Had I loved you first, you wouldn’t have been scared of love. I came to you battle-tested, ravaged from infidelity and broken promises, but you had been newly heartbroken. Your scars hadn’t even healed because if they had, you wouldn’t have been so weary of coming on too strong, of saying the right thing or of thinking every time I was mad, it was directed at you.
Had I loved you first, you wouldn’t have had doubts about the kind of man you are. Sure, you’d live with insecurities, battle with self-doubt like the rest of us, but when it came to relationships, you would have been rest assured that who you were was enough to deserve love.
Had I loved you first, you would have challenged her more fiercely. You wouldn’t have taken her shit. You wouldn’t have lied down for her, letting her leave scars and bruises that blossomed into doubt. Had I loved you first, you would have recognized that damaged people damage people.
Had I loved you first, you would have seen how strong you are in the face of turmoil. You would have seen the difference between trying because you wanted to – and trying because you had to – and maybe you wouldn’t have stuck it out with her for as long as you did.

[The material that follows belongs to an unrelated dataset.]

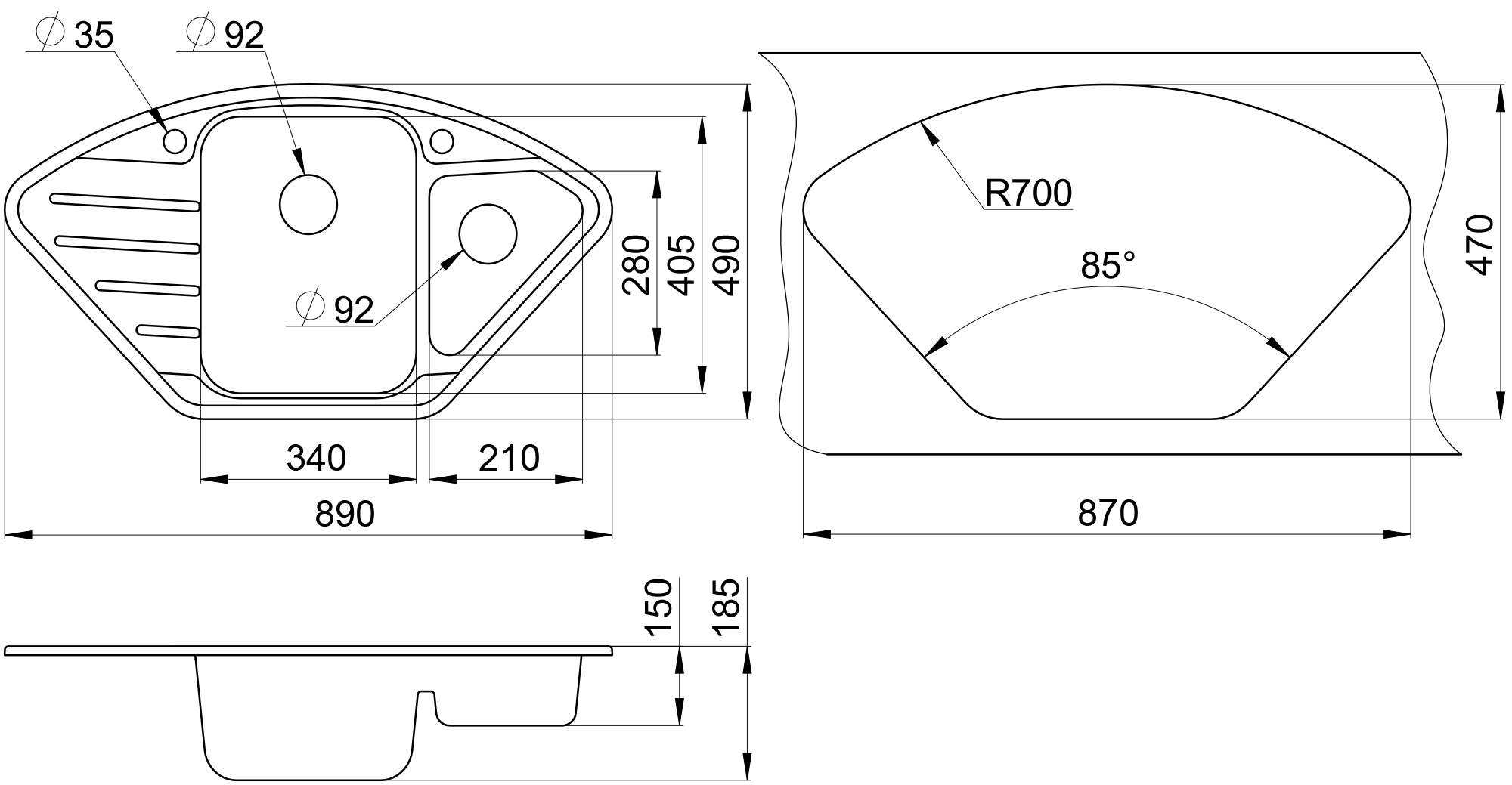 9101,   кухонная мойка кварц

Had I loved you first, I would have told you every day what you meant to me. I wouldn’t try to pretend that saying “I love you,” was derivative or that I was somehow too good for your generosity.
Had I loved you first, I would have fought for us not to end. I wouldn’t have believed that our love was like any other I could grab off Tinder or meet at the bar. I would have realized that each love – this love – was unique and worth holding onto.
Had I loved you first, I would still be comforted by the memories of you that come flooding in: the minuscule moments like us washing dishes after dinner, the times you opened the car door for me or when you’d smile at me for no reason other than how beautiful you thought I was.
Had I loved you first, we wouldn’t have ended.